What to work on: Output the whole listing exactly, except for the pictures in it.

Data section:
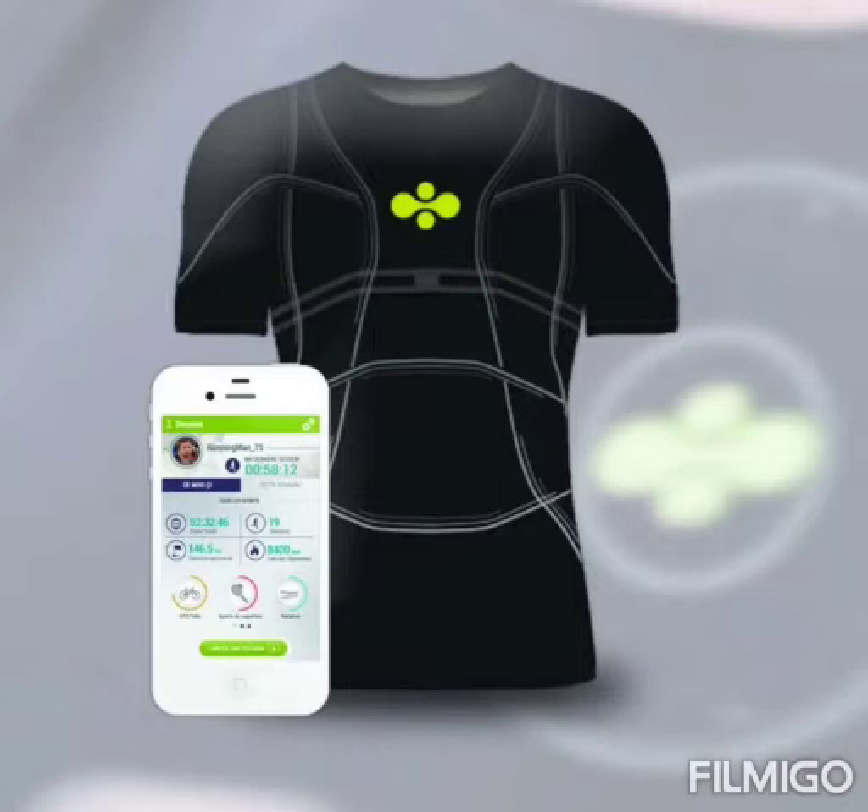When your heart rate crosses a critical threshold — say 100 — that is when the device alerts you to potential danger. How does this ECG t-shirt work? The structure may vary by brand, but the basic technology is more or less the same. The garment contains detectors integrated or attached to the fabric that can receive signals from your body.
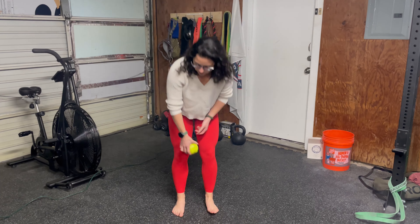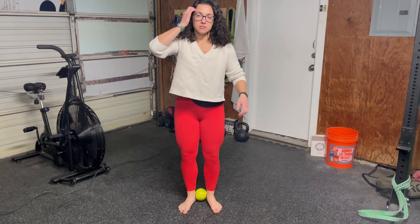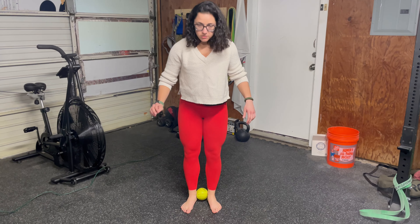Alright, this is an exercise for the posterior tib. We're going to put a ball of some sort — or you can even use a rolled up towel — in between your two ankles.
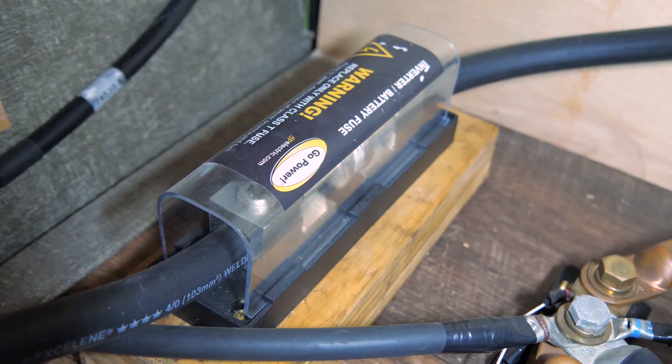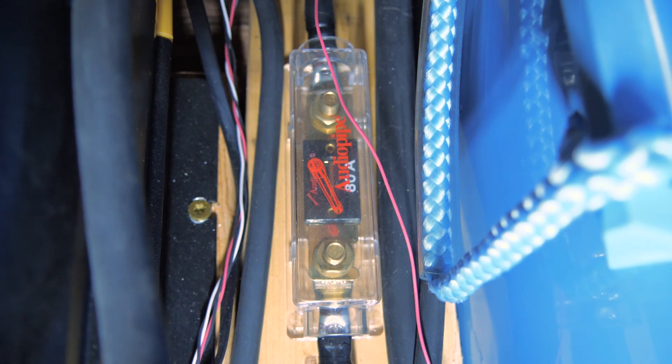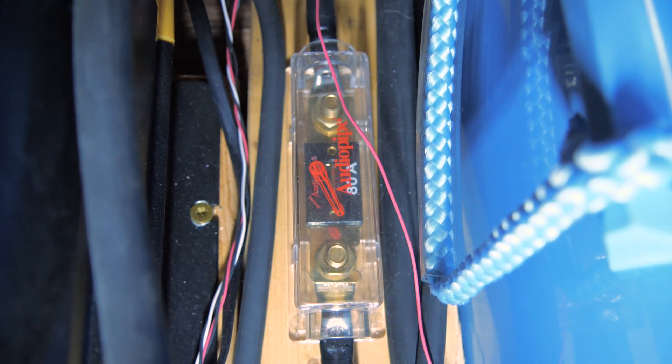The first mistake that we're going to talk about when installing RV solar is that sometimes people don't know to use fuses and or circuit breakers in the right spots in their solar setup. It's a good rule of thumb to place a fuse on the positive wires between the battery bank and the inverter, between the converter charger and the battery bank, as well as between the solar panels and the solar charge controller.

Expected output:
When your heart rate crosses a critical threshold — say 100 — that is when the device alerts you to potential danger. How does this ECG t-shirt work? The structure may vary by brand, but the basic technology is more or less the same. The garment contains detectors integrated or attached to the fabric that can receive signals from your body.
Alright, this is an exercise for the posterior tib. We're going to put a ball of some sort — or you can even use a rolled up towel — in between your two ankles.
The first mistake that we're going to talk about when installing RV solar is that sometimes people don't know to use fuses and or circuit breakers in the right spots in their solar setup. It's a good rule of thumb to place a fuse on the positive wires between the battery bank and the inverter, between the converter charger and the battery bank, as well as between the solar panels and the solar charge controller.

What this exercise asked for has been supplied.